[Start of Attachment]
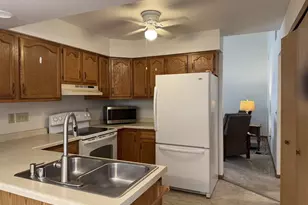 569 E Slifer St, Portage, WI 53901 - Photo 9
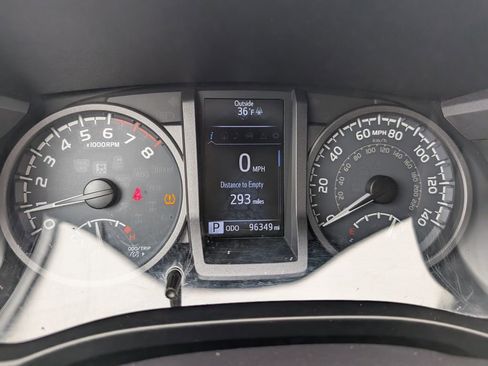 Used 2016 Toyota Tacoma TRD Off-Road w/ Towing Package image 25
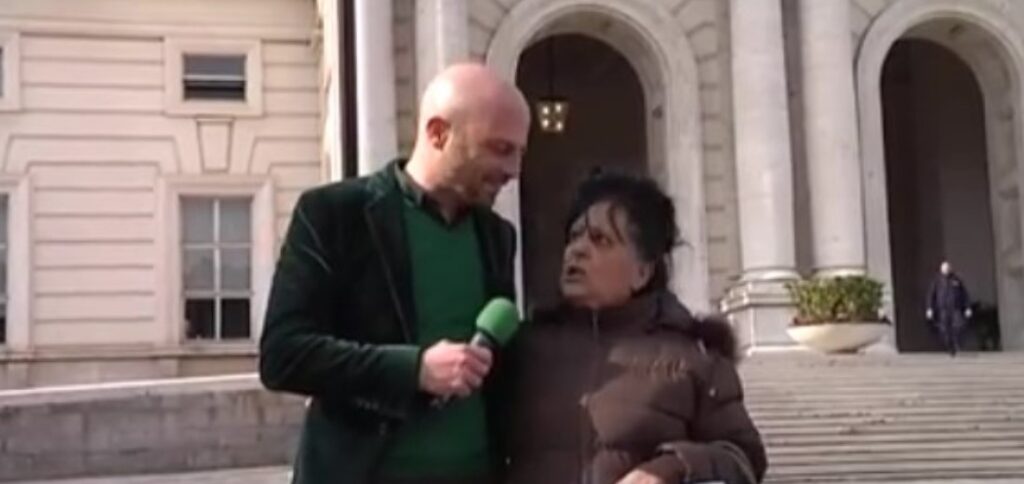 C'è poco da fare... il fascino dell'ABETE e del suo tronchetto seminano il panico tra le donne napoletane!??? Guardate cosa può succedere quando registro i miei servizi...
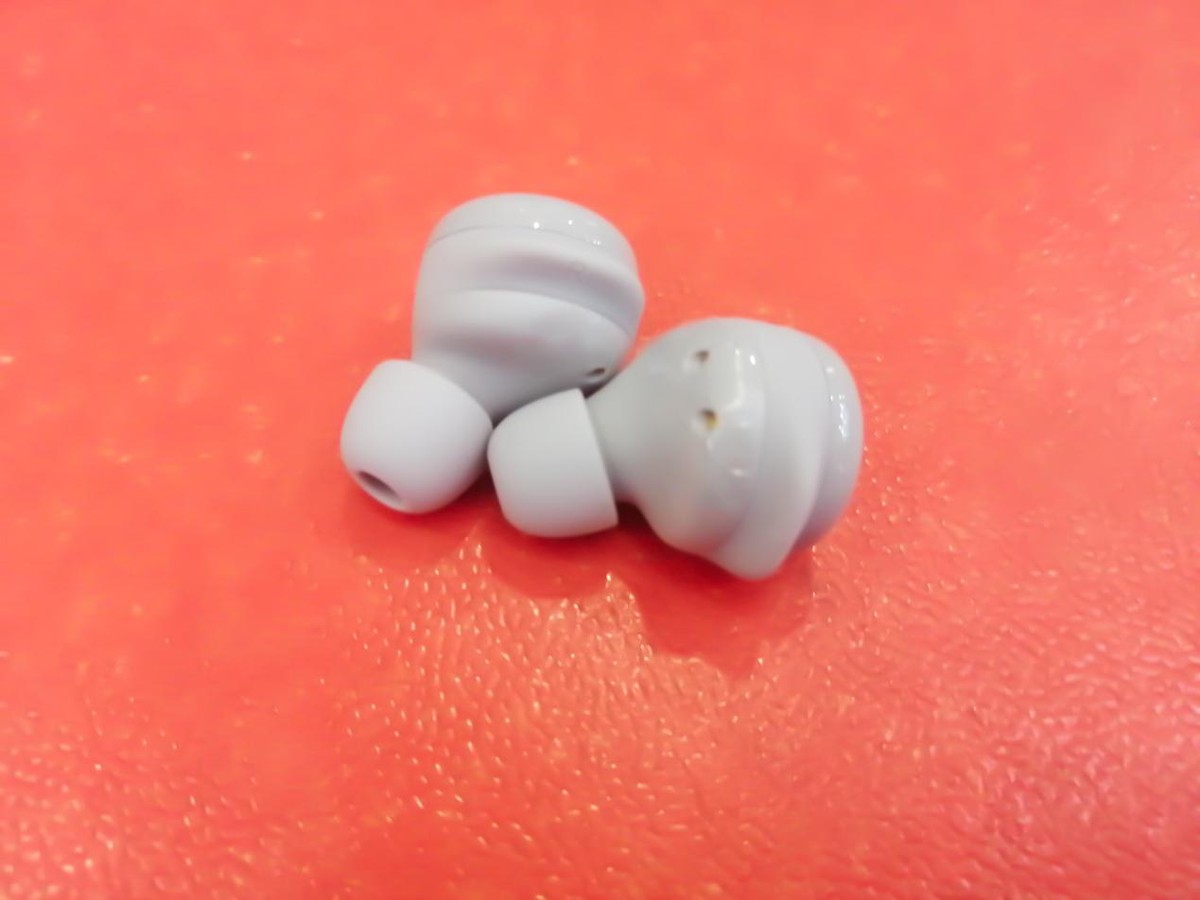 秒连，轻盈，易戴，QCY蓝牙耳机T17S开机评测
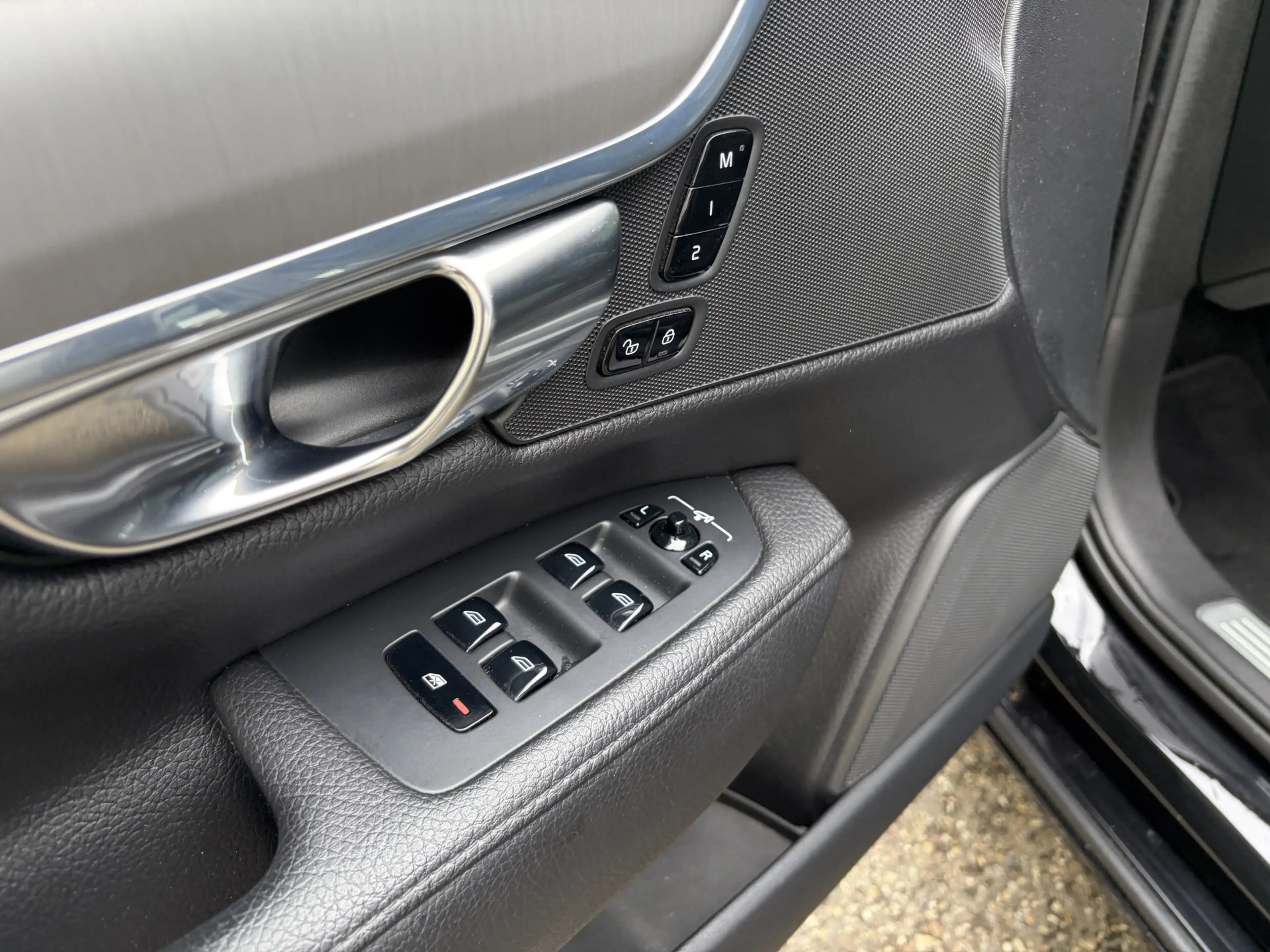 Volvo S90 2.0 T4 R-Design / AUTOMAAT / LEER / MEMORY / 167dk — photo 7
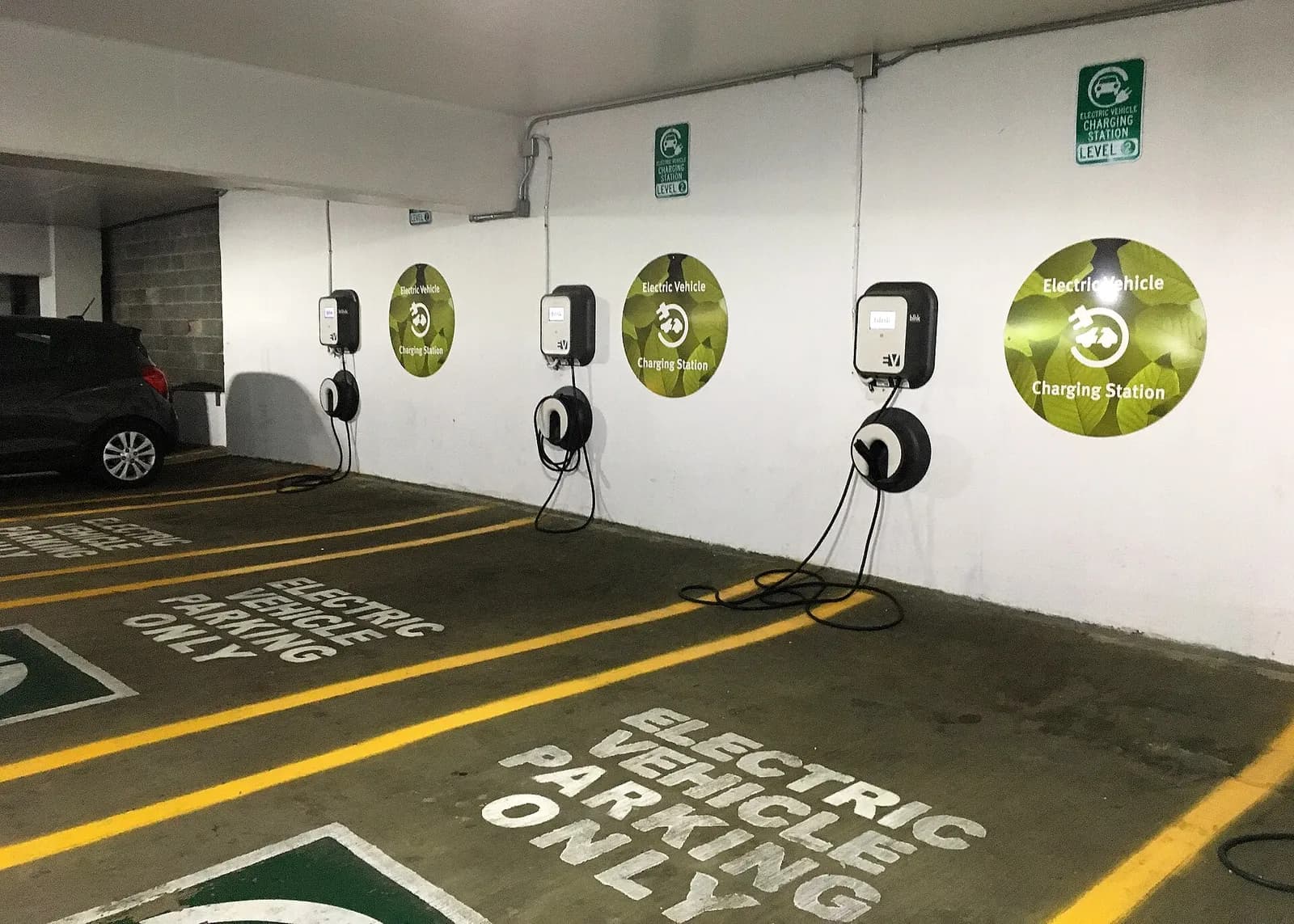 Bornes murales dans un parking souterrain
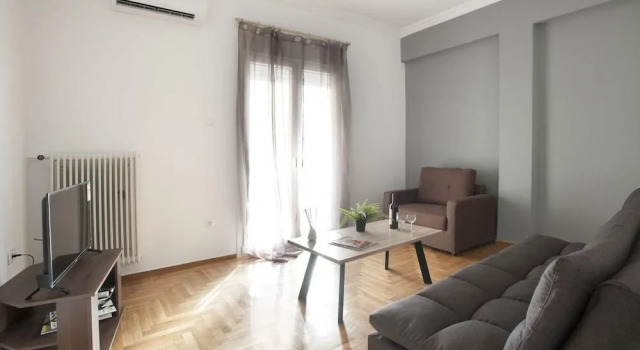 Kolonos - A Renovated Apartment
[End of Attachment]
## WHAT YOU NEED TO DO
In the material above, repeat each entry exactly and omit every picture.

## ANSWER BOX
 569 E Slifer St, Portage, WI 53901 - Photo 9
 Used 2016 Toyota Tacoma TRD Off-Road w/ Towing Package image 25
 C'è poco da fare... il fascino dell'ABETE e del suo tronchetto seminano il panico tra le donne napoletane!??? Guardate cosa può succedere quando registro i miei servizi...
 秒连，轻盈，易戴，QCY蓝牙耳机T17S开机评测
 Volvo S90 2.0 T4 R-Design / AUTOMAAT / LEER / MEMORY / 167dk — photo 7
 Bornes murales dans un parking souterrain
 Kolonos - A Renovated Apartment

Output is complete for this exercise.